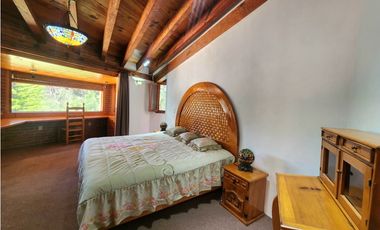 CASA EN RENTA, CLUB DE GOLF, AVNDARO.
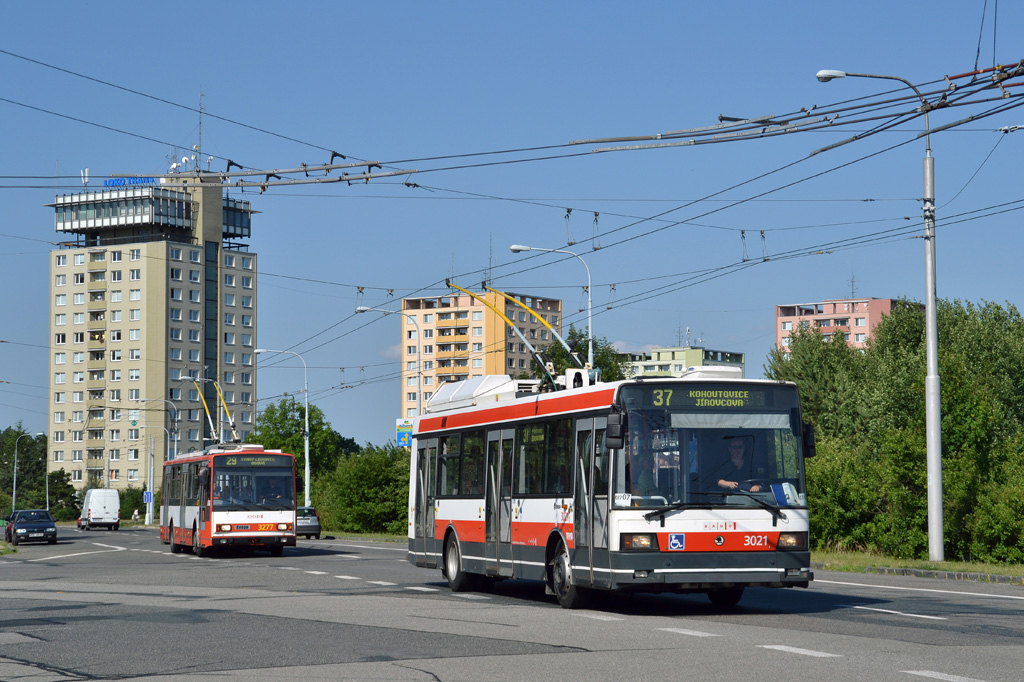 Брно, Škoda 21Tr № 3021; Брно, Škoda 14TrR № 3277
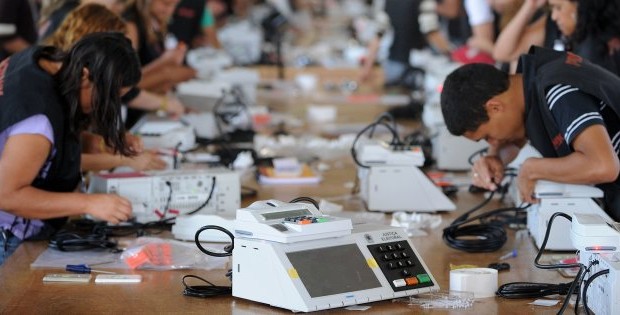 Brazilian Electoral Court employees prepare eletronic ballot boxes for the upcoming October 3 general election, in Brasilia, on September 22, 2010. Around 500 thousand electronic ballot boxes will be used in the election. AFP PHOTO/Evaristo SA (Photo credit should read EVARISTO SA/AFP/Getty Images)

• **EXERCISE**: Repeat the lines above exactly, and keep every picture out.

• **TASK RESPONSE**:
 CASA EN RENTA, CLUB DE GOLF, AVNDARO.
 Брно, Škoda 21Tr № 3021; Брно, Škoda 14TrR № 3277
 Brazilian Electoral Court employees prepare eletronic ballot boxes for the upcoming October 3 general election, in Brasilia, on September 22, 2010. Around 500 thousand electronic ballot boxes will be used in the election. AFP PHOTO/Evaristo SA (Photo credit should read EVARISTO SA/AFP/Getty Images)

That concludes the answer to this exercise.